_Directions for this task_
Copy word for word the lines of the records below, beginning at the one with "FIX: Honda Odyssey" and finishing at the one with "Modding EATX Offener", ends included, but none of the pictures.

_Supplied material_
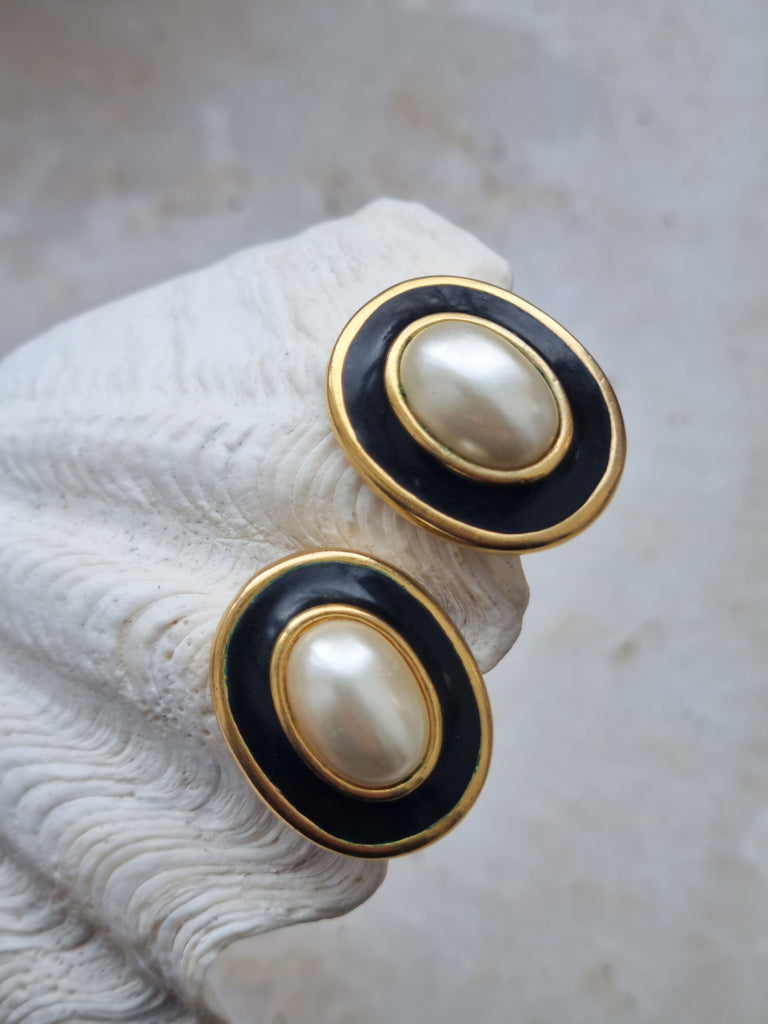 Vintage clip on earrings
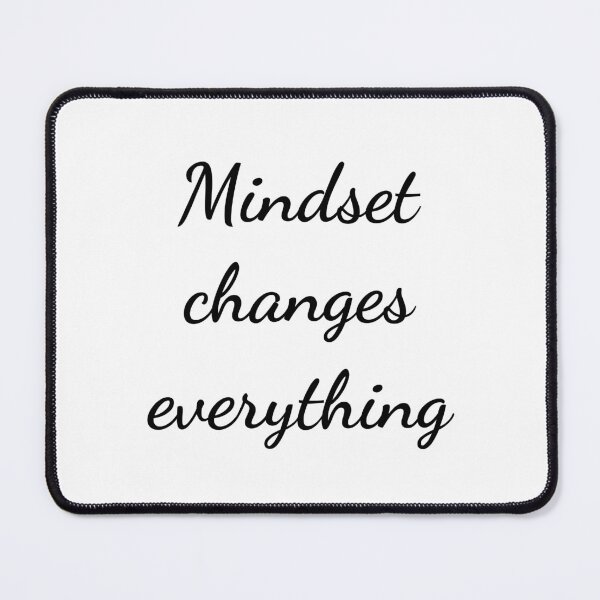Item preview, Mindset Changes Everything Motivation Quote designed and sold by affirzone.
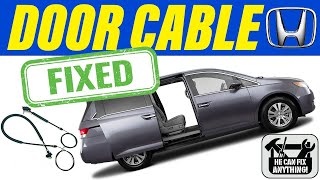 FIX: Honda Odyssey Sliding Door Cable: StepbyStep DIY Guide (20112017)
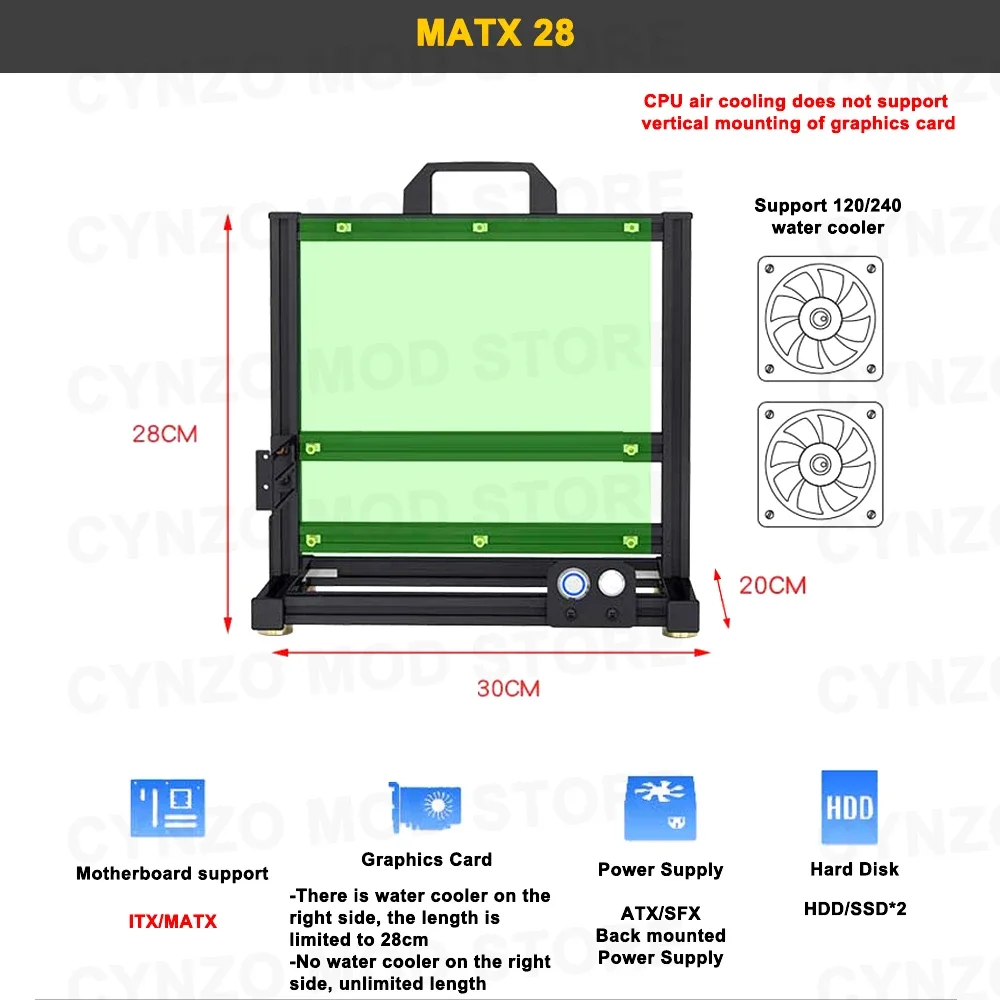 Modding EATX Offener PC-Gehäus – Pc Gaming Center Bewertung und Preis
==
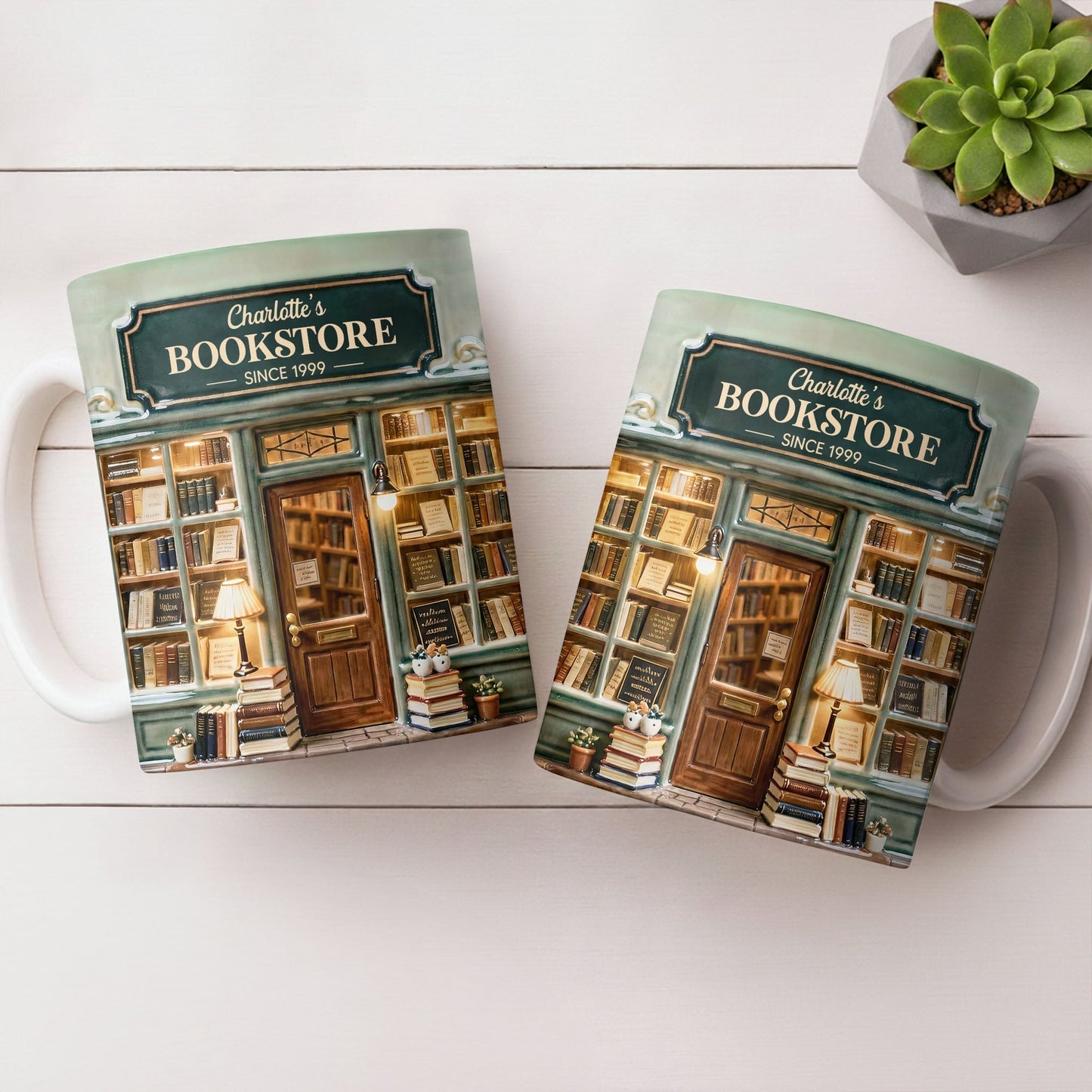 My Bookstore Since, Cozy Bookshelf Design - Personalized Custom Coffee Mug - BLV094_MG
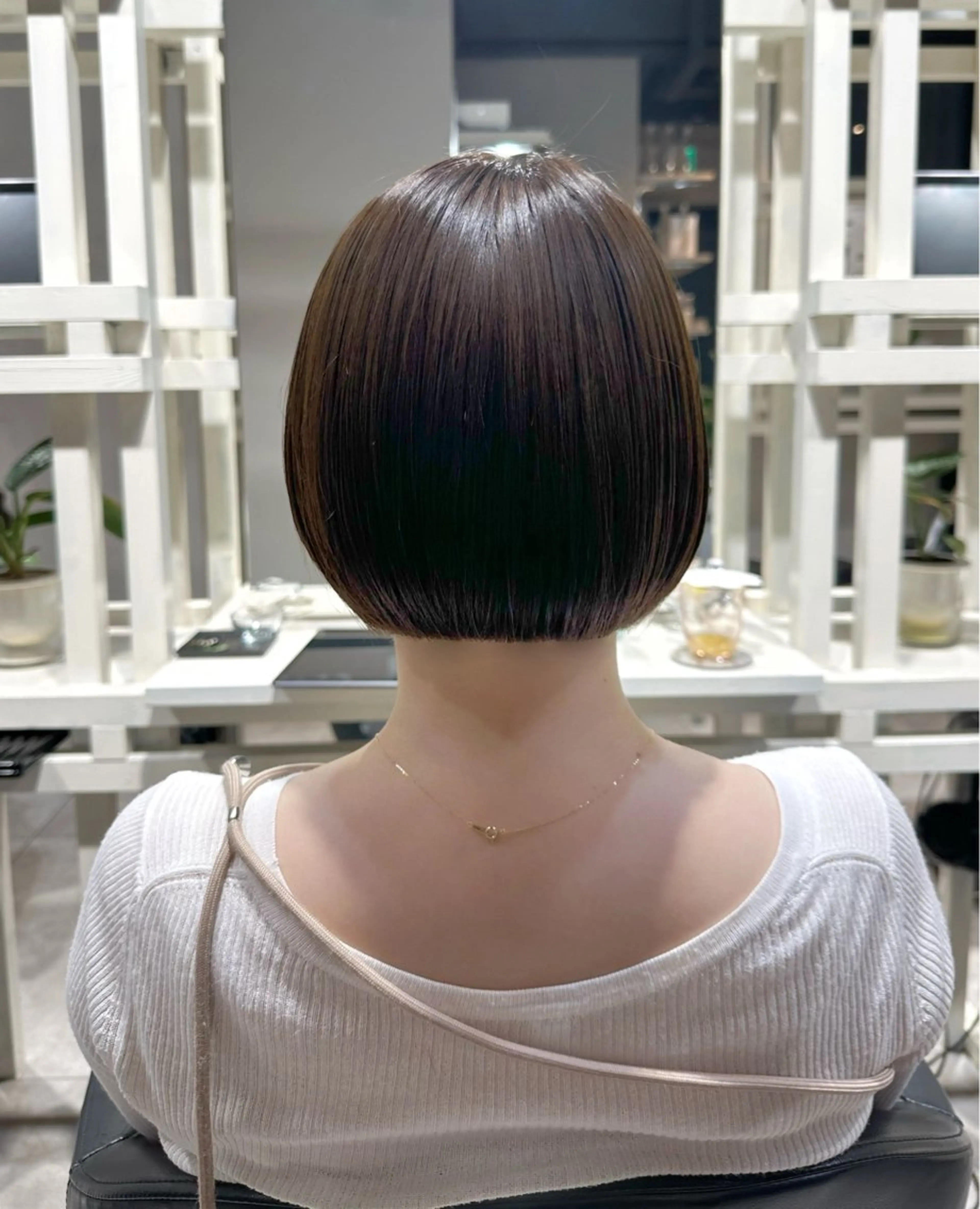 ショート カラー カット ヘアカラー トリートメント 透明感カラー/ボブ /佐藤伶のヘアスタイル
...
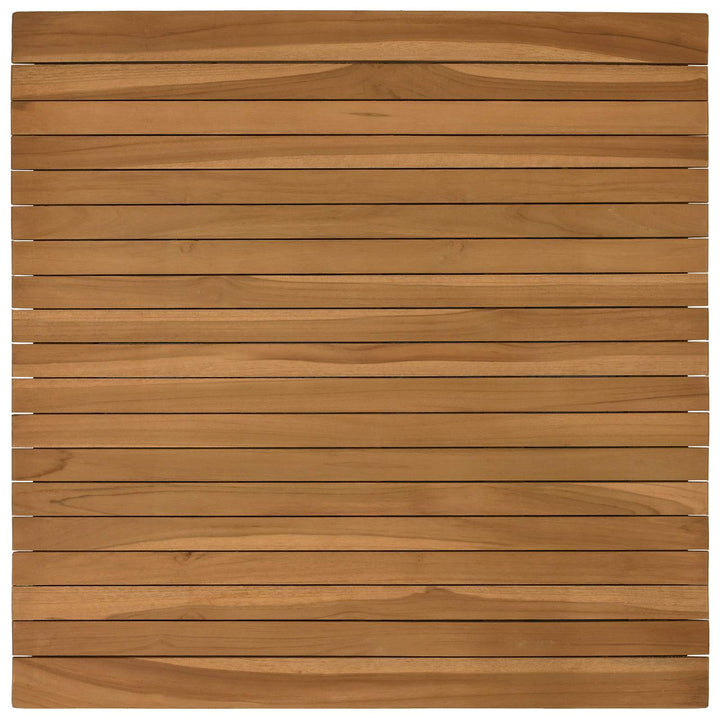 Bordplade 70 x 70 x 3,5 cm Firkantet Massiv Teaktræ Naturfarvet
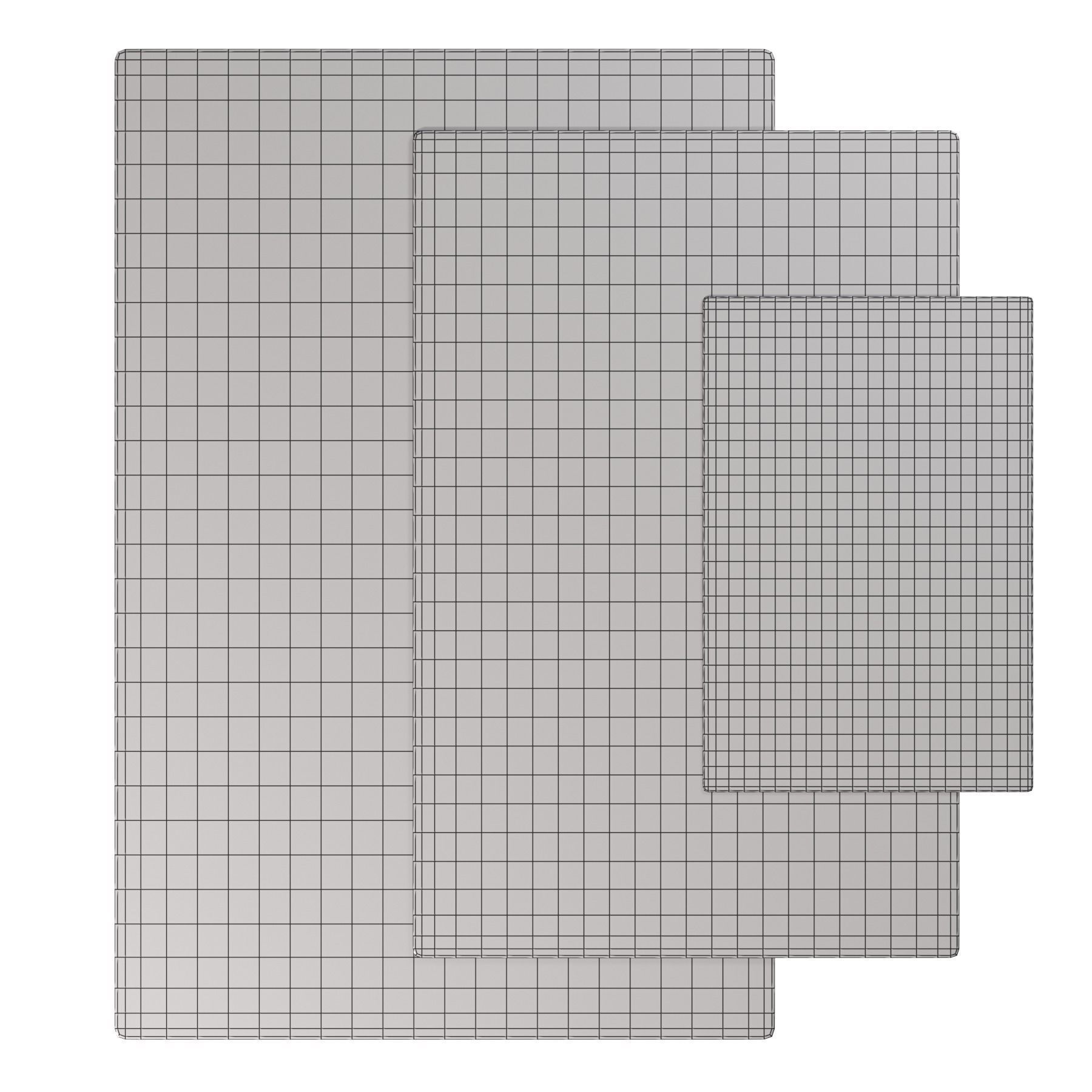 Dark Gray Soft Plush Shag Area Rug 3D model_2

_Your solution_
 FIX: Honda Odyssey Sliding Door Cable: StepbyStep DIY Guide (20112017)
 Modding EATX Offener PC-Gehäus – Pc Gaming Center Bewertung und Preis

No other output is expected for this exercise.